Como antecipação e expectativas dão o nome do jogo na bolsa, tudo isso foi precificado no mercado por um período, especialmente na sequência do atentado que feriu a orelha de Trump em 14 de julho. Mas até quando seguiremos nessa toada?
Há alguns pontos de atenção em relação a uma aposta muito forte no Trump Trade. O primeiro questionamento essencial é o quanto de fato os discursos e futuras atitudes de Trump em um segundo mandato seriam semelhantes aos do primeiro: quanto é possível efetivamente cortar em impostos? Quais medidas serão tomadas em prol do protecionismo? Muitas vezes, o ruído é muito diferente do fato.
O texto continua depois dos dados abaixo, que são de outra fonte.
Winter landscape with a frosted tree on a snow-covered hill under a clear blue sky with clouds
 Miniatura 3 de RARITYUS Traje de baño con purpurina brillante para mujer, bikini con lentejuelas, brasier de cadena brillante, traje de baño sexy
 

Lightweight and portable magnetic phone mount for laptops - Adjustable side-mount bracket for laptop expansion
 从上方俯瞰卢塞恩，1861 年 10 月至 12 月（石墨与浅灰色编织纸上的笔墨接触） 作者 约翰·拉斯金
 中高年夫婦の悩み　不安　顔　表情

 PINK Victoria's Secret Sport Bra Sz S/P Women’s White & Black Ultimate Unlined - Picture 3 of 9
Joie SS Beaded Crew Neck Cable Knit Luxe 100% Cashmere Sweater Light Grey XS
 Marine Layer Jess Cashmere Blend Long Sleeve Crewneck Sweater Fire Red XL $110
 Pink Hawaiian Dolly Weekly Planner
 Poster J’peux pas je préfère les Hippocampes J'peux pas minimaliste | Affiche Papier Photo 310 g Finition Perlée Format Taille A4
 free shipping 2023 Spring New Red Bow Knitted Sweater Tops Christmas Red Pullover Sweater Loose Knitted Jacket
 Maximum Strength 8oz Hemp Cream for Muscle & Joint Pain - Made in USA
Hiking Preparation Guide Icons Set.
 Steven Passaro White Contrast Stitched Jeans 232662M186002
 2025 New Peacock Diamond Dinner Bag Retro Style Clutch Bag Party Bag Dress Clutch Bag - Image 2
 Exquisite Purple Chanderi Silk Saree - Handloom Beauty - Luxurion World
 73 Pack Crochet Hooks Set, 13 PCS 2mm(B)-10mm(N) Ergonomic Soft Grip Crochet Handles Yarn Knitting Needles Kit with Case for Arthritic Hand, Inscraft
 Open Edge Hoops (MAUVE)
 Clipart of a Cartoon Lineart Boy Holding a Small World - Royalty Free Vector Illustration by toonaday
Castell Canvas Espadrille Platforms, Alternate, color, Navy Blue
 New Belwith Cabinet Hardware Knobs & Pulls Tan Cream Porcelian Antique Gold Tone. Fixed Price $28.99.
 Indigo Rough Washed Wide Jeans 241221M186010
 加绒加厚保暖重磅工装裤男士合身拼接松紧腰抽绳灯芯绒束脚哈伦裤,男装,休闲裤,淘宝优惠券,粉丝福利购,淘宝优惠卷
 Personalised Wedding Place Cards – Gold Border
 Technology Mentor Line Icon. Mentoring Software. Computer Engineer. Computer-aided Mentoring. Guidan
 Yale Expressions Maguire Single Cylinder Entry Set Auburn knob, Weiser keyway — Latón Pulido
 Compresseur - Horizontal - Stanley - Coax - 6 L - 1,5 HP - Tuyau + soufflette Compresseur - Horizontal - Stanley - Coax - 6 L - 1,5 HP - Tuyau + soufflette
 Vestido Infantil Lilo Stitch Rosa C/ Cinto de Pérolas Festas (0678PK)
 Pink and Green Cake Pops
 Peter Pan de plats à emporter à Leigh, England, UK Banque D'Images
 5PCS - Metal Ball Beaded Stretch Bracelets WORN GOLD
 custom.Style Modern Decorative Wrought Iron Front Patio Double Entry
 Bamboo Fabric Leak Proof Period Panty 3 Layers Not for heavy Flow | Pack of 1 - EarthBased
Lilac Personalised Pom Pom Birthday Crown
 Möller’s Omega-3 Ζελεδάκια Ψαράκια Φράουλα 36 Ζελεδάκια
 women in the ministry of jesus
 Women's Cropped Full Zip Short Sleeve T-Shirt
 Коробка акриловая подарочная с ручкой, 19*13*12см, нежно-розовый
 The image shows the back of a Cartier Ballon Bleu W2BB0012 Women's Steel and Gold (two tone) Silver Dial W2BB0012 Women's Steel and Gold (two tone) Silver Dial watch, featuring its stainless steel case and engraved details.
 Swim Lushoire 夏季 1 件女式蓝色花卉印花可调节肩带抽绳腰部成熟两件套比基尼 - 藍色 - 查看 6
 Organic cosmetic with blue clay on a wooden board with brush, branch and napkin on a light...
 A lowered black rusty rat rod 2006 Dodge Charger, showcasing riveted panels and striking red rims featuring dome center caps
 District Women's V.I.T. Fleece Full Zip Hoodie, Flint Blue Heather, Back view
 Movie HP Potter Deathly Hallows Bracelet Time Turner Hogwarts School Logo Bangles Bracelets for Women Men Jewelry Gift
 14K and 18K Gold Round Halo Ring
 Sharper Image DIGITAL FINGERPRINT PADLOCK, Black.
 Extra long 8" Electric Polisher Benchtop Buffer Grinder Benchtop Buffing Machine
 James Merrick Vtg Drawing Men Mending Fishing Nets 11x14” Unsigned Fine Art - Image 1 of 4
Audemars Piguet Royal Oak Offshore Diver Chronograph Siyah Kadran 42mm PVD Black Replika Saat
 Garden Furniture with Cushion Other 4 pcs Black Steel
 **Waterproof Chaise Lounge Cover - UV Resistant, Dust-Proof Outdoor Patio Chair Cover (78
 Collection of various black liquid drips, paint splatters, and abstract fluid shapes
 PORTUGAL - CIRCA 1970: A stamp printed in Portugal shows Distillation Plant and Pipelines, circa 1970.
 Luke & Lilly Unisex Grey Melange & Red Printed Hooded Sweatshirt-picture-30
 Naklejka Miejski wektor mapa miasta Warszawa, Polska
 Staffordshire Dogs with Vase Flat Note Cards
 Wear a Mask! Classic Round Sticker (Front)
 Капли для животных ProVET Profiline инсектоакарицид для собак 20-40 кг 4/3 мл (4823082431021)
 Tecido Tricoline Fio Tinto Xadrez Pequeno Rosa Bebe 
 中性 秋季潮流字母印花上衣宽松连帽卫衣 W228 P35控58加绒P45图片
O segundo é Kamala Harris. As apostas e pesquisas de intenção de voto mudaram radicalmente desde o último domingo (21), quando Joe Biden desistiu da reeleição e passou a apoiar a candidatura de sua vice, Kamala Harris (que ainda não está oficializada). Há agora mais incerteza sobre quem será o futuro presidente do país.
Por fim, é essencial acompanhar os movimentos macro, como a própria trajetória da inflação, a atividade econômica e a taxa de juros. Paralelamente ao Trump Trade, os mercados vêm se apoiando na forte probabilidade de cortes de juros pelo Fed já em setembro, expectativa que contribuiu para a rotação já mencionada na bolsa. A pergunta agora é o quanto desse movimento já foi precificado e o que podemos esperar para frente.
O índice de preços ao consumidor (CPI) dos Estados Unidos de junho, divulgado na semana passada, é o principal indicador econômico de 2024 até agora. Com números mais benignos que o esperado e reforçando uma tendência em direção à meta de 2% do Federal Reserve (Fed, banco central americano), a divulgação estimulou um movimento forte de rotação no mercado. Será que uma nova fase começou?
Para contextualizar, na virada do ano, o mercado previa início do ciclo de cortes de juros nos EUA já no primeiro trimestre, com queda de 1 ou 1,25 ponto percentual para as Fed Funds em 2024. Em abril, o sentimento era radicalmente diferente, com pouca clareza do espaço para a flexibilização monetária e parte do mercado antecipando até mesmo novas altas. A partir do CPI de junho, a neblina se dissipou, e as projeções agora apontam fortemente para um início de cortes em setembro e entre 2 e 3 cortes ainda este ano.
Com isso, a curva de juros fechou, indicando taxas mais baixas no futuro. O mercado reagiu derrubando as ações que estavam “carregando o rali recente nas costas” (ou seja, as grandes responsáveis pelas altas da bolsa nos últimos 18 meses: big techs) e levando um enorme fluxo para papéis até então “esquecidos”, como small caps e setores muito sensíveis a juros, especialmente o imobiliário. O Russell 2000, principal índice de Small Caps, subiu mais de 6% na semana, e, entre os ETFs setoriais, os que acompanham o mercado imobiliário foram os de melhor desempenho, com altas próximas de 4,5%.
Então, as big techs deixaram de ser as únicas cartas do jogo? Ajustes em fundos de investimentos, se afastando das teses de “taxas altas por mais tempo” rumo a mercados descontados, podem manter a bolsa nesse mesmo caminho por algumas semanas. Na renda fixa, aumenta a atratividade de fixar ganhos nas taxas atuais, com chances de capturar valorização quando os cortes de juros se efetivarem.
Mas nada disso é certo. Por ora, seguimos de olho nos dados. Além da própria flexibilização monetária, a manutenção da atividade econômica em níveis saudáveis, fora de um contexto de recessão, é importante para manter o bom desempenho das ações que ficaram para trás nos últimos 18 meses. Os resultados corporativos, que já começaram a ser divulgados, serão um bom termômetro da saúde financeira no micro.